EDIT: More information requsted, I will attempt to explain more clearly;
The blendmode I am using is GL_SRC_ALPHA, GL_ONE_MINUS_SRC_ALPHA. (I believe that is typically the standard blendmode)
I am creating an application that tracks mouse movement. It draws lines connecting the previous mouse position to the current mouse position, and as I do not want to draw the lines over again each frame, I figured I would draw to a texture, never clear the texture and then just draw a rectangle with that texture on it to display it.
This all works fine, except that when I draw shapes with alpha less than 1 onto the texture, it does not blend properly with the texture's previous contents.
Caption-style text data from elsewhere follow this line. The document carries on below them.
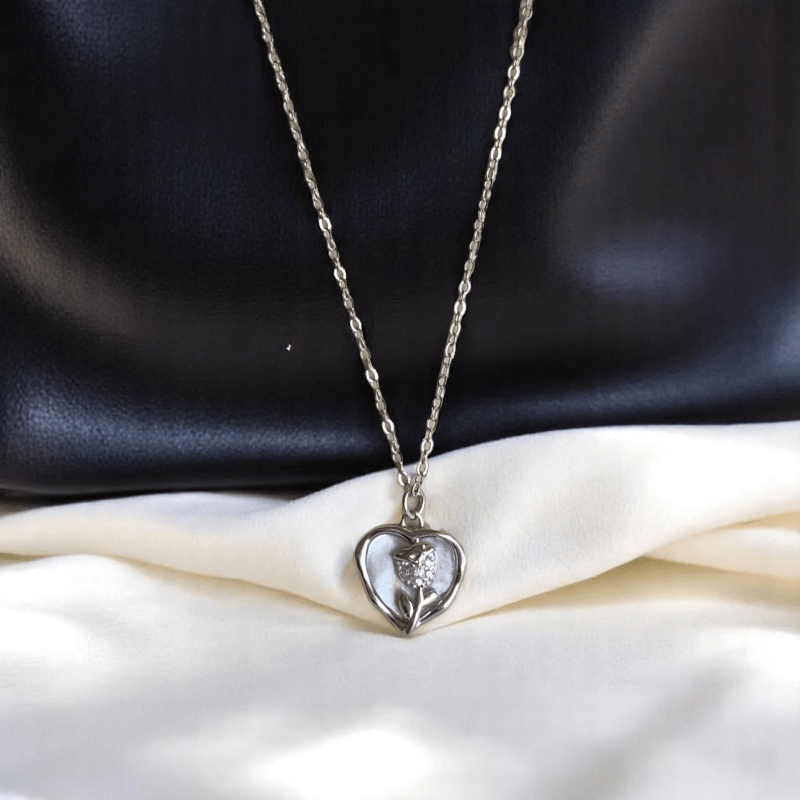 Romantic Rose Necklace | 925 Silver - For Women | Includes: Necklace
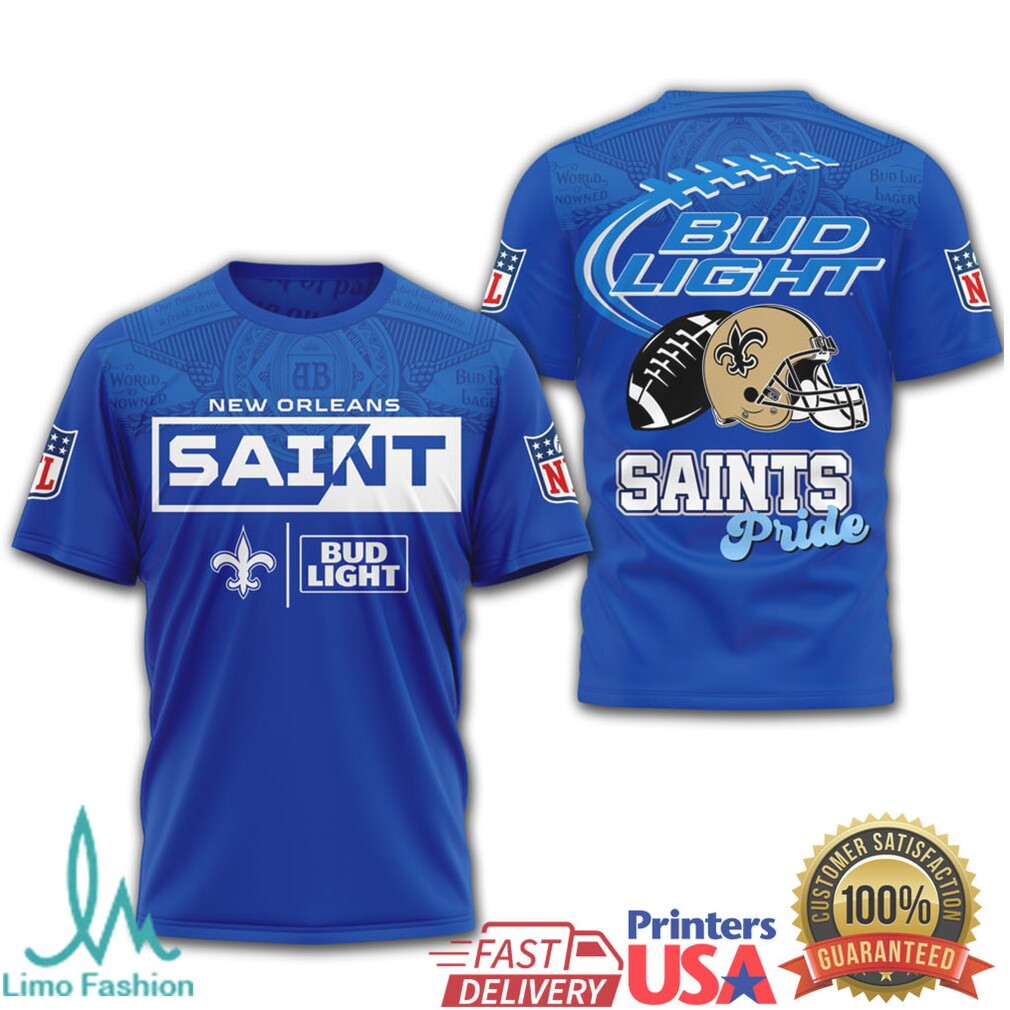 New Orleans Saints x Bud Light “Saints Pride” NFL Licensed Style Tee - Limotees LLC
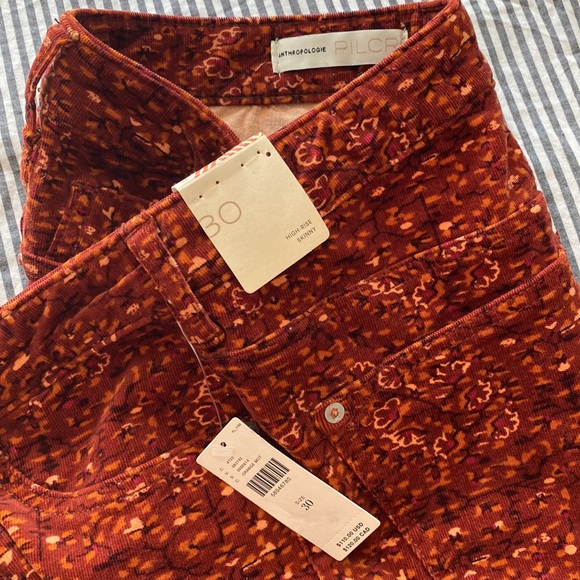 NWT stretchy corduroy high waisted skinny Anthropologie Pilcro pants size 30 - Picture 5 of 13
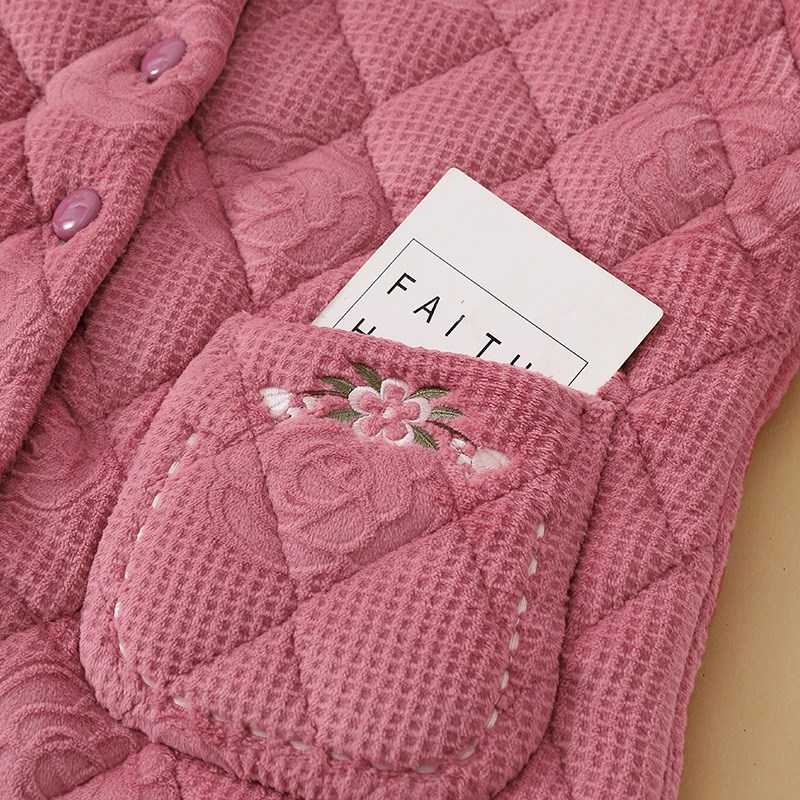 冬季加厚加绒保暖睡衣女士妈妈三层夹棉袄中老年珊瑚绒家居服套装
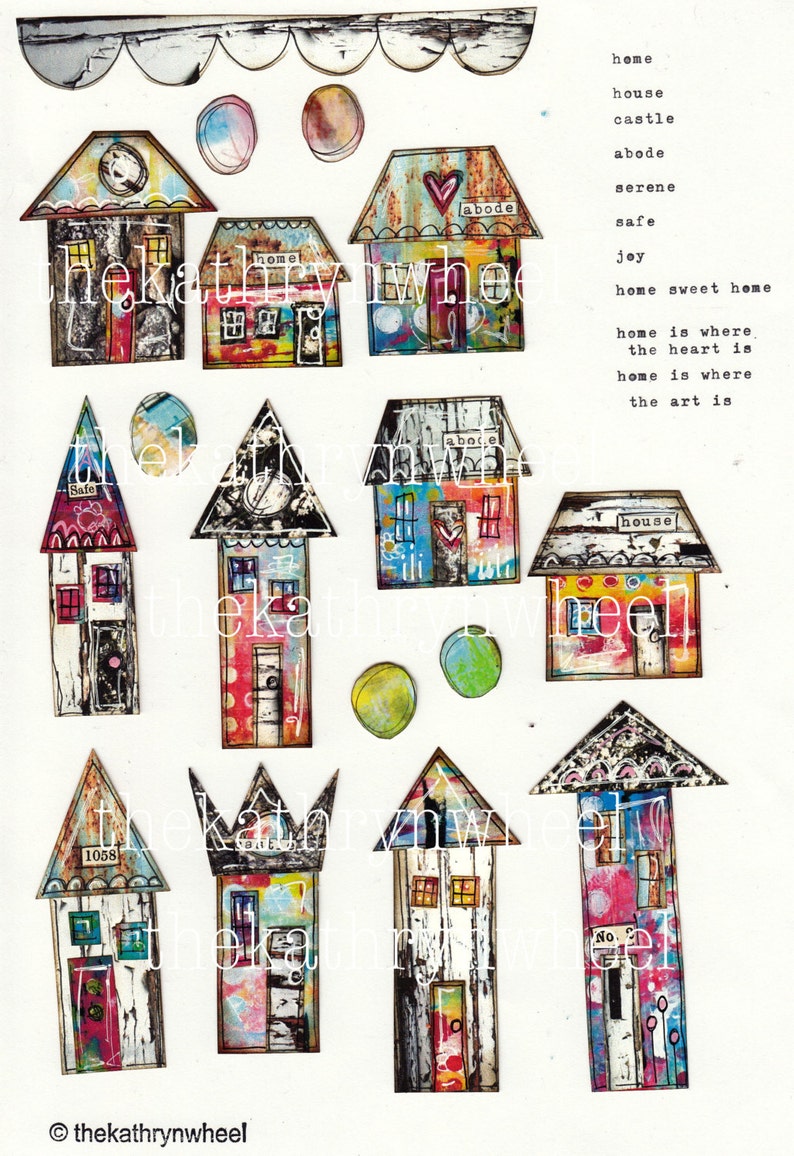 Collaged houses download Etsy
Let's say I have some black lines with alpha = .6 drawn onto the texture. A couple draw cycles later, I then draw a black circle with alpha = .4 over those lines. The lines "underneath" the circle are completely overwritten. Although the circle is not flat black (It blends properly with the white background) there are no "darker lines" underneath the circle as you would expect.
If I draw the lines and the circle in the same frame however, they blend properly. My guess is that the texture just does not blend with it's previous contents. It's like it's only blending with the glclearcolor. (Which, in this case is <1.0f, 1.0f, 1.0f, 1.0f>)
I think there are two possible problems here.
Remember that all of the overlay lines are blended twice here. Once when they are blended into the FBO texture, and again when the FBO texture is blended over the scene.
So the first possibility is that you don't have blending enabled when drawing one line over another in the FBO overlay. When you draw into an RGBA surface with blending off, the current alpha is simply written directly into the FBO overlay's alpha channel. Then later when you blend the whole FBO texture over the scene, that alpha makes your lines translucent. So if you have blending against "the world" but not between overlay elements, it is possible that no blending is happening.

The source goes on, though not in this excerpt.